The reason is a fairly practical one, as I understand it. In this case, dealing with cross-channel migrants, we must deal with foreign Governments. We must have agreements, certainly with the French and possibly with the Belgians, Dutch and other countries that we want to deal with. That is the problem, and the practical reason why we are doing things the wrong way round.
It leads to a difficulty in that the Opposition rightly have questions which they want answers to, but the Government cannot answer the questions because they do not yet know what the policy will be. There is a package of measures, some of which we can imagine would work and some that would not work, but we do not know what those practical measures are. Equally, the Government have difficulties. They cannot answer some of the questions that are being put by the Opposition because they do not know what the policies are either. Certainly, we Back-Benchers are in darkness. There is a real problem there.
That has a bearing on the arguments which have taken place and which we cannot entirely resolve in this sort of debate. The noble Lord, Lord Kerr, made the point, which I think is the Opposition’s principal position, that the problem would be solved if we could open legal routes to all the refugees who wish to come to this country. The problem would be resolved that way if we had enough proper legal routes.
The Government’s position is clearly that this probably would not work, because even if you had large numbers of legal routes, if traffickers were still able to give the clear message to their victims that they could get into this country and could stay, work and have a life here, they would still be in business. That is a matter of practicality and judgment. Would having enough legal routes solve the problem? Remember that the traffickers deal not just with human beings but with drugs and all sorts of criminality. If they remained in business, doing business across the channel, you would still have this trade in human beings. That is the practical, judgmental issue at the bottom of this, and we do not know the answer because we do not know the package of measures that the Government will come forward with. We are looking only at the enabling legislation.

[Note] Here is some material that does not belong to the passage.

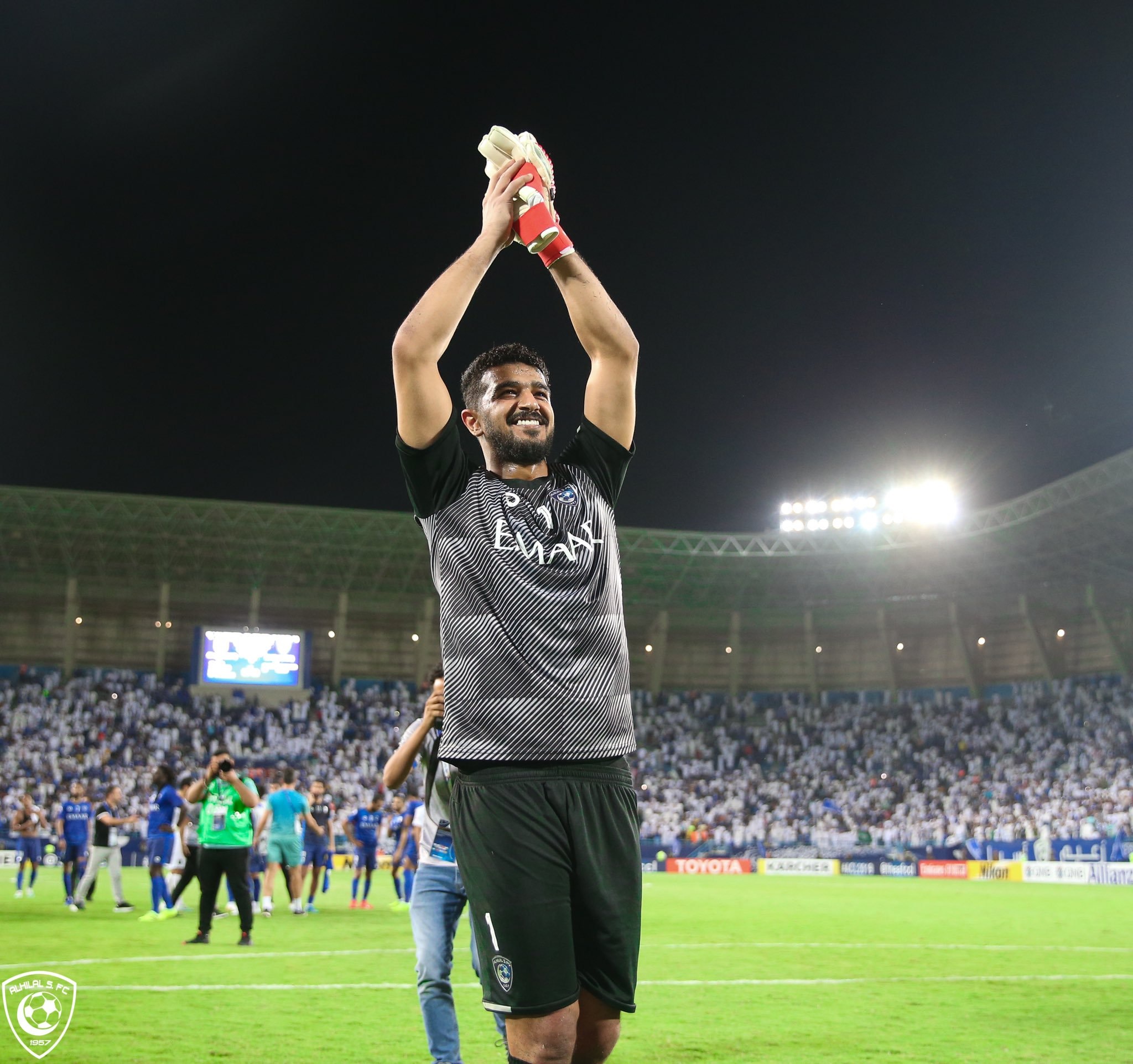 المعيوف: عائلتي تعشق الهلال.. والحضري الأفضل عربيًا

I fully accept the additional point that we must look at the effect on refugees of international law. I take the point made by the noble and learned Lord, Lord Brown, that there is a significant issue here. However, those who make that point must accept that the Government are equally sincere in thinking that there is an issue here on which they remain fully compliant with the 1951 convention. The noble Lord, Lord Wolfson of Tredegar, gave a very well-organised defence of the Government’s position, setting it out very clearly. I am not a lawyer so cannot comment on that. All I can do is accept the Government’s advice that they are compliant with the convention.
Finally, I agree with my noble friend Lord Cormack that there is a problem with the House of Commons considering these issues because of timetabling. This is a pervasive issue in the House of Commons. It has been there for years, and they have found no real solution to it. Just as we can go on for as long as we want and for as long as time and patience permit, they are timetabled for six hours or whatever it may be and, therefore, inevitably, immensely important and worthwhile issues such as this as compressed, very often into a few moments, with a ministerial response of a few minutes. This is wholly unacceptable. We have found no way round that, but we must deal with a situation as we have it. For example, in response to the point made by the noble Lord, Lord Kerr, the vote in the House of Commons was a majority of 98 against his proposal that there should be differentiation between group 1 and group 2—that decision to differentiate passed by a majority of 98 in the House of Commons.
That is a massive majority and reflects not just questions of law but the justified concern of the House of Commons about human trafficking across the channel. I am sure that we are all concerned about refugees not only from Ukraine but from other countries —everyone is concerned about that—but how we stop illicit human trafficking across the channel is a separate issue. Everybody is trying to do their best here; in some cases, the procedures that we have to adopt are very unsatisfactory but I hope that people accept that the Government are trying to do something that, in their judgment, is a practical answer. Even those who do not agree with them should understand that this is a matter of judgment. We will not know the full consequences for some time to come, until the Government’s policies are clear—but not to allow them to pursue their policy with the flexibility and elbow room that they need would in my view be a grave misjudgment.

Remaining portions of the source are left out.